I Built Vector-Only Search First. Here's Why I Had to Rewrite It.
Source: Dev.to
I spent three weeks building a pure vector search for an e‑commerce product catalog, embedding everything with intfloat/multilingual-e5-large, storing the vectors in Qdrant, and running a few test queries.
- “Gift for someone who likes cooking” → kitchen knives, spice sets – ✅
- “Nike Air Max 90 black” → Adidas running shoes – ❌
- “XJ‑4520” (a real SKU) → random kitchen appliance – ❌
The engine understood intent but failed on the simplest exact‑match lookups.

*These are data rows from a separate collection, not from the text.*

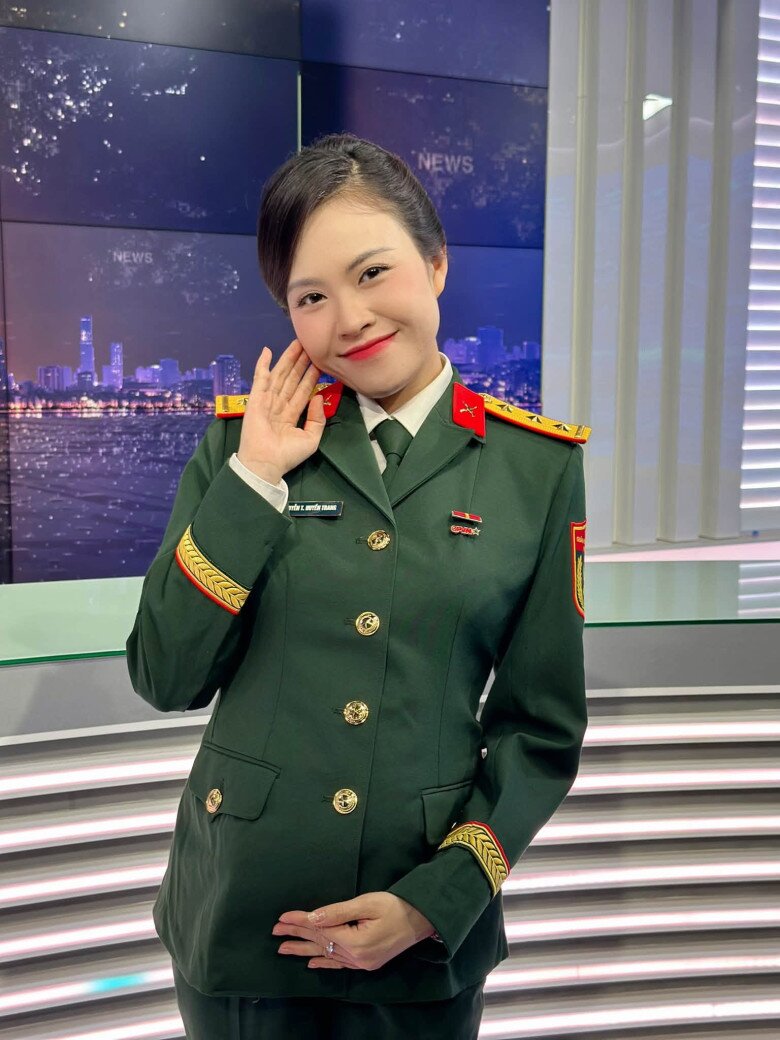 MC bụng bầu 8 tháng dẫn thời sự nhưng khán giả không hề hay biết, khoe sắc rạng rỡ bên chồng làm ở VTV - 3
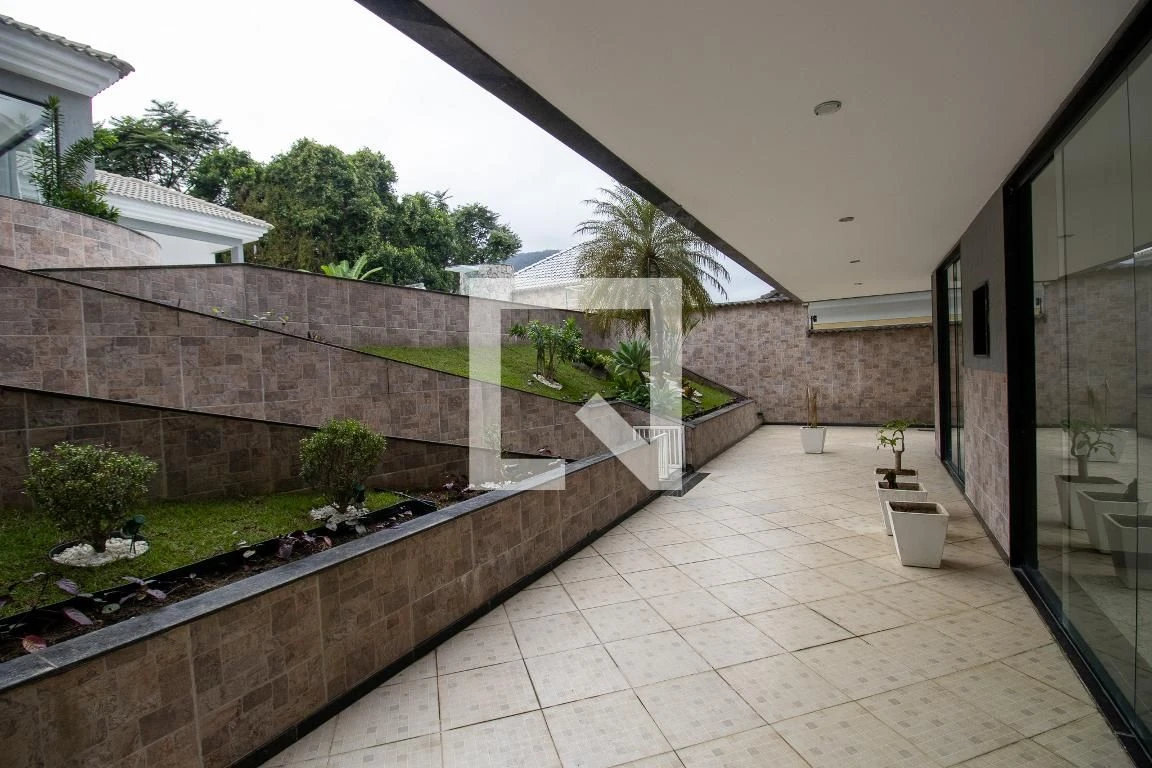 Casa com 3 suítes e quintal privativo com churrasqueira — photo 47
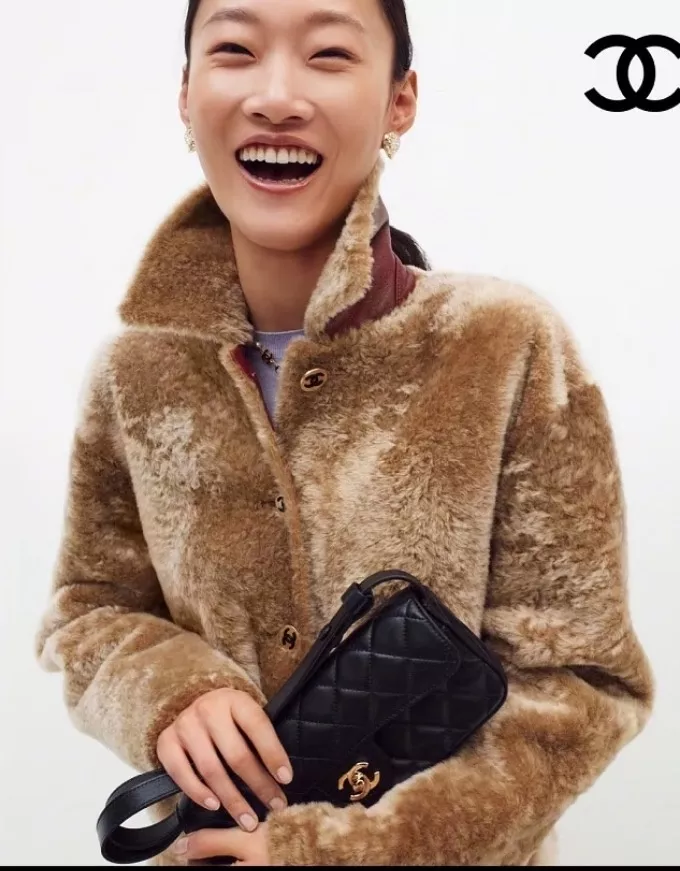 샤넬 카라 퍼 텍스처 쇼트 여성용 모피 재킷 상세 이미지 13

Why Vector‑Only Search Fails
Descriptive queries work
Embeddings map text into a high‑dimensional space where semantically similar meanings cluster. A query like “gift for someone who likes cooking” lands near knives, cookbooks, and spice sets even though the word gift never appears in the product titles.
SKUs and model numbers
A SKU such as XJ‑4520 is just a meaningless string to an embedding model. It gets projected somewhere in vector space, and the nearest neighbors are whatever other meaningless strings happen to be nearby. In practice, SKU lookups almost never return the correct product.
Brand + attribute combos
“Nike Air Max 90 black size 42” should return a single product. Vector search returned Nike items and Adidas and Puma shoes because they are all semantically “athletic shoes.” The exact match often fell to page 2.
Numeric filters
Queries like “under $50” or “500 ml bottle” are not understood as numeric constraints. The model knows that 500 ml is related to bottle and liquid, but it won’t filter by the actual number.
Short, specific queries
A single token such as “Bosch” yields random power tools with vector search, whereas a BM25 index would return all Bosch products ranked by relevance.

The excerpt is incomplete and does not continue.